Хотя принц датский не считал себя созданным для войны и убийств, «деяния» были ему вполне по плечу. Только он убивал (пользуясь рапирой или пером и печатью), лишь дойдя до неистовства. В этом можно усмотреть намёки и на древние скандинавские практики, и на древнегреческую теорию, а можно — только на бруновские диалоги, в которых неистовство именуется героическим. Именно к нему призывает себя Гамлет в речах, со временем превратившихся в повод для недоумения: почему же он не прикончил преступного короля сразу, как только услыхал от Призрака, что дядя Клавдий — убийца? Удовлетворительным ответом считалось; тогда не удалось бы растянуть трагедию на пять актов. Я прихожу в недоумение как раз от рассуждений о вялости Гамлетовой мести, об оттягивании её с помощью собственного лицедейства и лицедейства профессионалов. Как мог естествоиспытатель Гёте, увлечённо экспериментировавший с растениями и насекомыми, не оценить психологического опыта, поставленного виттенбергским студентом? В сущности, «Мышеловка» — это ход учёного новой формации, такого, как Галилей или, на худой конец, Бэкон, — не книжника-схоласта, но испытателя природы, в данном случае — человеческой. Хотел ли Шекспир показать, что его Главный герой подобен Ноланцу, призывавшему задвинуть авторитеты и думать своей головой, делать собственные выводы, предпринимать самостоятельные действия? Гамлет прошёл дальше, чем его прообраз.

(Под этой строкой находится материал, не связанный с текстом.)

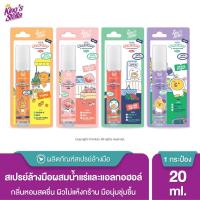 ราคา King's Stella x KAKAO FRIENDS Hand Sanitizer & Refresher สเปรย์ล้างมือแอลกอฮอล์ 70% ฆ่าเชื้อใน 30 วินาที 20ml (13480346396)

Согласно 86 сонету, поэт-философ позволял духу морочить и пичкать, доверял ему. Принц не хотел бездумно откликаться на призывы Духа, несмотря на всю эффектность его появления, поведения и повествования. А может быть, как раз эффекты и насторожили Главного героя, который, так же как его творец, не выносил показухи и трезво относился к концептам. Гамлет, хоть и сказал, что этот Призрак достоин веры, одною верой не ограничился и добыл при содействии актёров ещё и знание. Да, он может считаться учёным-экспериментатором. Но это — когда он спокоен. Когда же обстоятельства толкают принца датского к неистовству, он делается довольно успешным героем-воином. Именно обстоятельства, а не задачу, возложенную на душу Главного героя, я склонна считать могучим дубом, корни которого разбивают сосуд. Не об этом ли — стихи 23 сонета? Некто неистовый (fierce) преисполняется страстью (rage) так, что избыток силы сокрушает его собственное сердце.

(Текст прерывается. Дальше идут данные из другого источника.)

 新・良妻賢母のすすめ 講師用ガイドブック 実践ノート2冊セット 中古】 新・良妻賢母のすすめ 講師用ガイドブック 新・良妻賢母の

Думаю, Шекспир вполне сознательно сделал героем в гётевском понимании не датского принца, а норвежского. Тот прямо жить не может без войны и, после того как Клавдий с помощью дипломатии обезопасил Данию, ведёт людей в Польшу — отвоёвывать никчёмную территорию ничтожных размеров. Не знаю, как Гамлет, а его создатель прекрасно понимал, что у такого геройства мало общего с героизмом. Воображение — вот то, чего лишён Фортинбрас. Не имея внутренней жизни, он вынужден развлекать себя внешними событиями. Если Гамлет — сосуд, в который посадили дуб, тогда племянник норвежского короля — дуб, посаженный в тесный сосуд. Норвежец увлечён завоеванием окрестного пространства. Датчанин обременён вправлением суставов мирового (а не только Эльсинорского) времени. При этом он философически объявляет, что будет чувствовать себя повелителем бесконечности, даже если его заключат в ореховую скорлупу... Если и есть в трагедии персонаж, похожий на Эссекса, так это Фортинбрас, а не Гамлет. В «Игре» цитируются слова Уилсона: «Тайна Гамлета — это тайна Эссекса, тайна его сердца». Красивая фраза. Ну, может, ещё загадочная. Шекспировский принц — это ум и воля, интеллект и дух. А что до сердца... Главный герой поставлен в такие условия, при которых сердце просто разбивается, безо всяких разрастающихся корней. Мать — игрушка похоти, дядя поступил как Каин, друзья и любимая девушка предали. Останется ли в сердце, наполненном такими открытиями, место ещё для тайны? Или я запуталась? Ведь фраза Уилсона касалась только эссексовского сердца. Всё равно: она чересчур поэтическая, её смысла мне не постичь.